Exercise prompt: Write out exactly the lines below that run from the one containing "10K Yellow Gold" through the one containing "How To Draw", both included, with no other lines.
::: Provided material
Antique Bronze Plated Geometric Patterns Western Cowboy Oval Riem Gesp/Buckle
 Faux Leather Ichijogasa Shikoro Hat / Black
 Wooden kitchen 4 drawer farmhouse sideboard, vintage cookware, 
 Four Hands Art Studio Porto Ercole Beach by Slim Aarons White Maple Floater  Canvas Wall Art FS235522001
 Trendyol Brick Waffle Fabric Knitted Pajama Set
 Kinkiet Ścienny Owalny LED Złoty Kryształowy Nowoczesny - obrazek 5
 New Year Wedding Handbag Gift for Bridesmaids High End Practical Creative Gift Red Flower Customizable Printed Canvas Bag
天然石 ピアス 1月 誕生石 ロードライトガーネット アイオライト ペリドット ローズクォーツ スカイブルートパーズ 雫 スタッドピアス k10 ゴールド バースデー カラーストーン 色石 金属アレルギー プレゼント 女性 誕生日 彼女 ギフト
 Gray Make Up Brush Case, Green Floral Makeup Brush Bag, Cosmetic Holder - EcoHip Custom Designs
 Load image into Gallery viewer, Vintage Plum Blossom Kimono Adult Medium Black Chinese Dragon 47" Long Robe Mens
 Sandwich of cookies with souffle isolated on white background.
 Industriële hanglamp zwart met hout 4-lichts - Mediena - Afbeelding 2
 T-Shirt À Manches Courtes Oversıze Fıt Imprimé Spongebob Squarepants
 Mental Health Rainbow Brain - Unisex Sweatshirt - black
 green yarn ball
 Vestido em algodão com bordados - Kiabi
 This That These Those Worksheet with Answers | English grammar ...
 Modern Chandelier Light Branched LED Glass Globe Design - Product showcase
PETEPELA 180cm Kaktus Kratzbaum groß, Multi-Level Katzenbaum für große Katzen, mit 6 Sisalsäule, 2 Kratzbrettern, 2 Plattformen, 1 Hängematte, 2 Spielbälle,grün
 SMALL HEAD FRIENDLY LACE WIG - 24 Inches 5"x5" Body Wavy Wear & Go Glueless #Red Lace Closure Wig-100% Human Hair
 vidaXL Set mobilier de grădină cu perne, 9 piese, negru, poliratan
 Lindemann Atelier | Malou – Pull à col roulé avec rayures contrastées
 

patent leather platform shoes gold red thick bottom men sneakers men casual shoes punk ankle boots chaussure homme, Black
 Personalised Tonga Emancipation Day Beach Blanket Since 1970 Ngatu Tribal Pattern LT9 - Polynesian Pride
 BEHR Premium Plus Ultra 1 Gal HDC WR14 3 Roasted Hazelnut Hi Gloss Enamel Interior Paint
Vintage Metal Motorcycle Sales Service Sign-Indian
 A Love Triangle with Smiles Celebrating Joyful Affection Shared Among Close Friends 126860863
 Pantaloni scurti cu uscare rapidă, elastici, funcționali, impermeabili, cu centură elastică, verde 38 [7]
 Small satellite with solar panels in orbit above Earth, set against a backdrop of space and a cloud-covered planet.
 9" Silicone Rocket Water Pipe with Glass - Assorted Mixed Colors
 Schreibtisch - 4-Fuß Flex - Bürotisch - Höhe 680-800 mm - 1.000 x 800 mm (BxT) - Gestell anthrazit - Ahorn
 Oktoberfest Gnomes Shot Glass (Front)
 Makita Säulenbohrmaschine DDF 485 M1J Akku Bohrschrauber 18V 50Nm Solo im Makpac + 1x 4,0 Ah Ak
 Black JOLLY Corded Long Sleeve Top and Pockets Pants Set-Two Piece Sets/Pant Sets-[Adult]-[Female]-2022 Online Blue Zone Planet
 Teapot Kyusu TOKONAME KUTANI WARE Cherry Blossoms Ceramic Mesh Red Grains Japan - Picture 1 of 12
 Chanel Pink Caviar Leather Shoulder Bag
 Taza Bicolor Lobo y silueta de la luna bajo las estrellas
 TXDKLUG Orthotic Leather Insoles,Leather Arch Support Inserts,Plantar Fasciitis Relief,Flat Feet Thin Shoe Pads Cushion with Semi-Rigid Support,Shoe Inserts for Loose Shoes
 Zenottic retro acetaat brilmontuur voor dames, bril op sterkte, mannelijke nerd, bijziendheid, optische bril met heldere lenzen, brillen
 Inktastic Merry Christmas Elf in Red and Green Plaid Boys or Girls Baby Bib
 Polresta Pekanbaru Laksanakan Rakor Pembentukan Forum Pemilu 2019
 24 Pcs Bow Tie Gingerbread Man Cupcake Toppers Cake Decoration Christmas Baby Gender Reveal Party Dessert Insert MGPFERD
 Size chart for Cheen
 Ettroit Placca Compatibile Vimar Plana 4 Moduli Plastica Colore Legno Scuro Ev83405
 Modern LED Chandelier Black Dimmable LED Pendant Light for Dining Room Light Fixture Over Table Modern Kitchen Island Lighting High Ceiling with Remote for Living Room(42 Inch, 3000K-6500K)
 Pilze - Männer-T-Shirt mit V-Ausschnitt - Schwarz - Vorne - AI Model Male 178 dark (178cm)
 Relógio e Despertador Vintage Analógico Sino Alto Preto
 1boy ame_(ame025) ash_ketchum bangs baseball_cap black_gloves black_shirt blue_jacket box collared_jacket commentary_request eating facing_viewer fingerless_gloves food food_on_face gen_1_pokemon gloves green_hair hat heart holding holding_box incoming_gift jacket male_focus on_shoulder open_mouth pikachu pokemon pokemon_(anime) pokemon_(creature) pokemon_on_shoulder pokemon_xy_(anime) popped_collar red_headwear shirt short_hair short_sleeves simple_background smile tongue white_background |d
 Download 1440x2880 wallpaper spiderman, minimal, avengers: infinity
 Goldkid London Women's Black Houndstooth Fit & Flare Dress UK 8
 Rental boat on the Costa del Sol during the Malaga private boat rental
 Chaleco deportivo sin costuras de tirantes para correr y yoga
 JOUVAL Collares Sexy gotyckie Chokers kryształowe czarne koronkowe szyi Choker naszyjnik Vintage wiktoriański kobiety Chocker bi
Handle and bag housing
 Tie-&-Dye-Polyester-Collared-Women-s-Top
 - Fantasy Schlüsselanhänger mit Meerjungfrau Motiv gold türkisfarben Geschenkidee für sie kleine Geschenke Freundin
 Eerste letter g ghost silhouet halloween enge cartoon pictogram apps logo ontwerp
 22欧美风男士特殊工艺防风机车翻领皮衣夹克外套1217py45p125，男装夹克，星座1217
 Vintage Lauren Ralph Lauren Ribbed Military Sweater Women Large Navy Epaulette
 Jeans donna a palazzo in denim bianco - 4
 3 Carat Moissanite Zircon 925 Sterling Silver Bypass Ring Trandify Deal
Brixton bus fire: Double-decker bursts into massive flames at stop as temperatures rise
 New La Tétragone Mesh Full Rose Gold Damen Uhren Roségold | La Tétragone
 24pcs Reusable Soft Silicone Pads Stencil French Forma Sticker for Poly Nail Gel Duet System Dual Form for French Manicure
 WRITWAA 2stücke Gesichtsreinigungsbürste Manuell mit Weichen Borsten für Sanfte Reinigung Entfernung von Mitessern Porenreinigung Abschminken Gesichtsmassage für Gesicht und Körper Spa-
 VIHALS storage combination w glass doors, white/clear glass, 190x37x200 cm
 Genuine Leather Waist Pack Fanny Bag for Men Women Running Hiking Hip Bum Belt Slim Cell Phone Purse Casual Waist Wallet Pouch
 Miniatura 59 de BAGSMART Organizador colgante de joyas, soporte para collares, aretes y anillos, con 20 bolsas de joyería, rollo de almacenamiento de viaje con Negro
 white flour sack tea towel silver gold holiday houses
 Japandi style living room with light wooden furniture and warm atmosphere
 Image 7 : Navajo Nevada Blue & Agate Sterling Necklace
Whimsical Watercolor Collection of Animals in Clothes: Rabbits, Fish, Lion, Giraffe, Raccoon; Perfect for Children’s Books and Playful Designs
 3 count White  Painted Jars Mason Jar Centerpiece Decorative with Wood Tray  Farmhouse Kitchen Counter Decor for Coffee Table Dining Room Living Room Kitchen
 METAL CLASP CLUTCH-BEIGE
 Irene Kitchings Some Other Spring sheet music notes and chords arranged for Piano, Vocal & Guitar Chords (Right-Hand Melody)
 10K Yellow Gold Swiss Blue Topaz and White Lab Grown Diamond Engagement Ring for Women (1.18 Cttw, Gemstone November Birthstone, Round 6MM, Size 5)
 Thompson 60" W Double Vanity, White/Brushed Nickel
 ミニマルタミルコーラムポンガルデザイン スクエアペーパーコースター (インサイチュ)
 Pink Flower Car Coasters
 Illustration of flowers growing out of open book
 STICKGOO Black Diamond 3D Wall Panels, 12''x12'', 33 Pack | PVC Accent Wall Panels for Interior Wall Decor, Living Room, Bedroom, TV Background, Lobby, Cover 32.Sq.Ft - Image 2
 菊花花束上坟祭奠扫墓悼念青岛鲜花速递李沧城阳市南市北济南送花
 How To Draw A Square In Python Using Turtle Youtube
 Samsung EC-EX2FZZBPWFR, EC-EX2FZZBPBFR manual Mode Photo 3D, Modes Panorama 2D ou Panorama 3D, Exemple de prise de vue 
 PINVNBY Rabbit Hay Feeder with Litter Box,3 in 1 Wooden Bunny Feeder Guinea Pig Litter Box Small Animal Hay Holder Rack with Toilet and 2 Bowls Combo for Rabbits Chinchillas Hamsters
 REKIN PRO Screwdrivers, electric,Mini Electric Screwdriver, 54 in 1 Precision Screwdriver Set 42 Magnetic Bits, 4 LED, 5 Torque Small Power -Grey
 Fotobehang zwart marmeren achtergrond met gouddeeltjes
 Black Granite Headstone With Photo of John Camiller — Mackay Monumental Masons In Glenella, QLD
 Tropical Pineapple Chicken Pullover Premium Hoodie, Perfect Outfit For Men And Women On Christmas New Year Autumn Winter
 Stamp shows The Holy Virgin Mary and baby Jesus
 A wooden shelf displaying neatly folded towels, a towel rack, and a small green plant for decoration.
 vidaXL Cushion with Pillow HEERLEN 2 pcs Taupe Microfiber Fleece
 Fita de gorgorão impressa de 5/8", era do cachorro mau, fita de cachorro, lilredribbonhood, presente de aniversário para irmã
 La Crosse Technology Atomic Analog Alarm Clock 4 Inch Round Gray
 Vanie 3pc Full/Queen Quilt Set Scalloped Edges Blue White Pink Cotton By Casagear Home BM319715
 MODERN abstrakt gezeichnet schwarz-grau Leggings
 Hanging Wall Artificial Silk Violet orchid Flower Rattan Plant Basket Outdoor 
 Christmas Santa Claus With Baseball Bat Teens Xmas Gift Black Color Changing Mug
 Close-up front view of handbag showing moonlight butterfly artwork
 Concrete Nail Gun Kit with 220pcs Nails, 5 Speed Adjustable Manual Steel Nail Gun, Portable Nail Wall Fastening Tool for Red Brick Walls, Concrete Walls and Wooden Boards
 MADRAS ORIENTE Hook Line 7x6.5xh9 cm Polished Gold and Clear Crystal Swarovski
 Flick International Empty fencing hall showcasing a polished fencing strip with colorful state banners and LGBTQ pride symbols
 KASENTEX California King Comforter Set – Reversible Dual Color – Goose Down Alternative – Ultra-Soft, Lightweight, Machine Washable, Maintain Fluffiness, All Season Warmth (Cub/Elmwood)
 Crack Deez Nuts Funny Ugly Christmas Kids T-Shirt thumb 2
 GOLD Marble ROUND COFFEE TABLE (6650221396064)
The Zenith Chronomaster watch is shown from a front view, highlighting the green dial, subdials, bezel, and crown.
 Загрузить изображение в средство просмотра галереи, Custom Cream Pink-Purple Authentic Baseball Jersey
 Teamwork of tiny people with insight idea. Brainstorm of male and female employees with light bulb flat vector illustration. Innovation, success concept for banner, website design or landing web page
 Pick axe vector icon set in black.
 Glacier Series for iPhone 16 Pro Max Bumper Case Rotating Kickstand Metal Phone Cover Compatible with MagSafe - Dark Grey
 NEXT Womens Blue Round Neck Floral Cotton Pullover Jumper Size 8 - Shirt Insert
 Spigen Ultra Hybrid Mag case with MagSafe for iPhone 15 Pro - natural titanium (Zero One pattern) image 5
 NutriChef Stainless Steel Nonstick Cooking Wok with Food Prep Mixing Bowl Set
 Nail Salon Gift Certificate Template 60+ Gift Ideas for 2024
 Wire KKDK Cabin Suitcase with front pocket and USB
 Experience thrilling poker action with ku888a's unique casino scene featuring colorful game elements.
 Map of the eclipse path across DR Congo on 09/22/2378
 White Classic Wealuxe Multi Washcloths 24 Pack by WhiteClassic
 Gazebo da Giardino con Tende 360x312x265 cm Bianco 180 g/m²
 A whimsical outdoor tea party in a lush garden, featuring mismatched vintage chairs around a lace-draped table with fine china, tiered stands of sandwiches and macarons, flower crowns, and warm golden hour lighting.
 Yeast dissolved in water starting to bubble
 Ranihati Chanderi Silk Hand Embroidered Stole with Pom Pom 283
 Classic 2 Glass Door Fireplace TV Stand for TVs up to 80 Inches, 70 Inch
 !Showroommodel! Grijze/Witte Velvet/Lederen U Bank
::::::
Response area:
 10K Yellow Gold Swiss Blue Topaz and White Lab Grown Diamond Engagement Ring for Women (1.18 Cttw, Gemstone November Birthstone, Round 6MM, Size 5)
 Thompson 60" W Double Vanity, White/Brushed Nickel
 ミニマルタミルコーラムポンガルデザイン スクエアペーパーコースター (インサイチュ)
 Pink Flower Car Coasters
 Illustration of flowers growing out of open book
 STICKGOO Black Diamond 3D Wall Panels, 12''x12'', 33 Pack | PVC Accent Wall Panels for Interior Wall Decor, Living Room, Bedroom, TV Background, Lobby, Cover 32.Sq.Ft - Image 2
 菊花花束上坟祭奠扫墓悼念青岛鲜花速递李沧城阳市南市北济南送花
 How To Draw A Square In Python Using Turtle Youtube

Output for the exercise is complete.